2012 yılı için Avrupa ve Türkiye’deki ekonomik gelişmelerin değerlendirmesi, aynı dönem Türkiye’de SDG sektörü analizi, 2013 beklentileri;2007 krizi ve sonrası dönem özellikle Avrupa da ciddi ekonomik çalkantılara sebep oldu. Arz talep dengesinin bozulduğu geçtiğimiz 3-4 yılda özellikle yapı ve inşa sektörü, alt yapı yatırımları bizim ülkemizde biraz daha az hissedilmesine rağmen küresel anlamda ciddi sekteye uğradı. Gelişmiş ülkelerin sıkı para politikaları sonucu Türkiye’den talepleri azaldı. Bu da konteyner içi metal ihracat tutarımızı (seri üretim metal taşıyıcılar, kasalar vs.) azalttı. Ülkemiz özellikle kaynaklı imalatlarda oldukça iyi bir aşamaya gelmişti. Bu yükseliş trendi son krizle birlikte düşüşe geçti.
Bunun yanında ülkemizi yakından ilgilendiren komşu ülkelerdeki kalkışma ve başkaldırı ortamı sosyo ekonomik denge ve bağlantıları büyük anlamda zedeledi. Suriye krizi aslında çok beklenilen bir durum değildi.
Bunun yarattığı ekonomik sıkıntıyı özellikle Güneydoğu illerimiz derinden hissediyor.

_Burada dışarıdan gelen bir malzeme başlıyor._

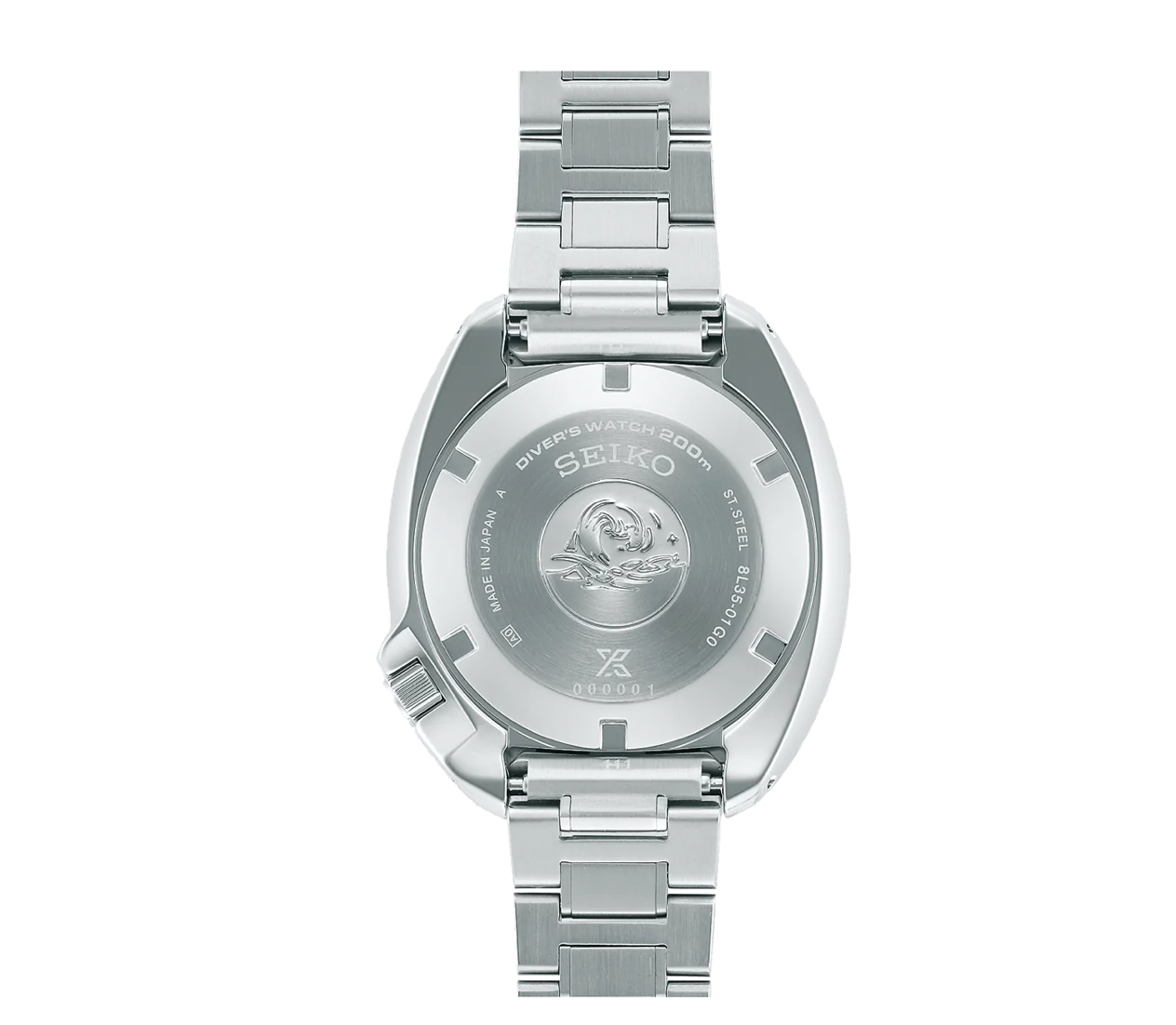 Seiko Automatic Prospex Dive Watch-SLA051J1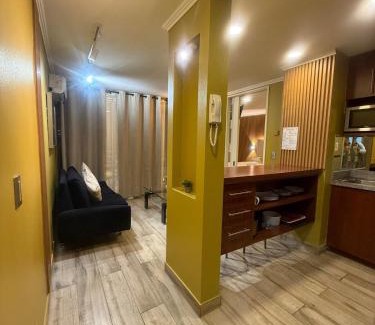 Santiago Apartment | Premium Costanera Highlight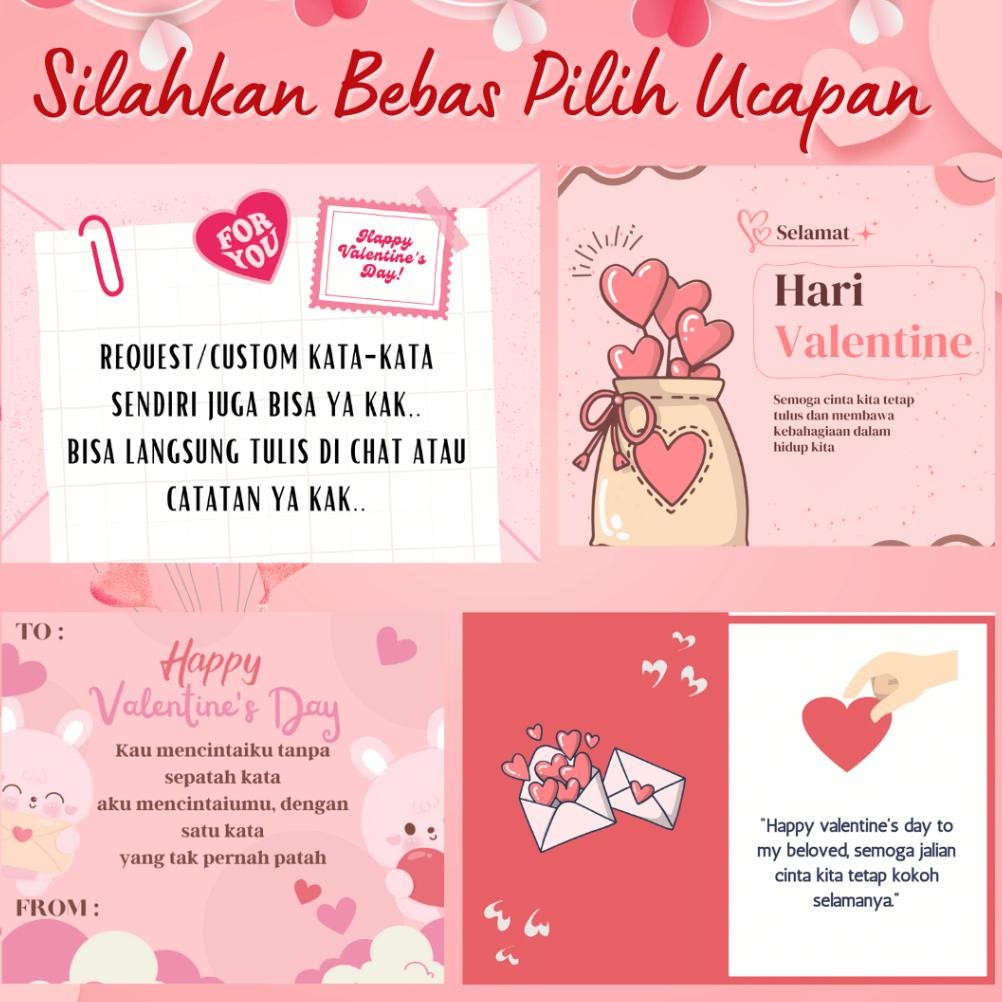 

uk-68 KADO VALENTINE CEWEK ROMANTIS | HAMPERS VALENTINE CEWEK | COKLAT VALENTINE | VALENTINE DAYS | KADO UNTUK ORANG TERSAYANG | HADIAH VALENTINE | HAMPERS ROMANTIS | COKLAT BOX PREMIUM EDISI VALENTINE Terlaris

Yaşanan tüm bu ekonomik olumsuzluklar sonrası özellikle yakın komşu ülkelerdeki toparlanma sürecinin ardından hem genel ekonomide hem de sektörde gelişme bekliyoruz. İyiye gidişin sinyallerini alıyoruz. Türki cumhuriyetlerdeki hareketlilik zaten özellikle yurtdışında iş yapan Türk firmalarına büyük ivme kazandırıyor. Son yıllarda yaşanan ve maalesef silahların konuştuğu, binlerce insanın öldüğü acı günlerin biran önce bitmesini temenni ediyoruz. Umarız tüm komşu ülkelerin sıkıntıları biran önce demokratik bir şekilde sona erer.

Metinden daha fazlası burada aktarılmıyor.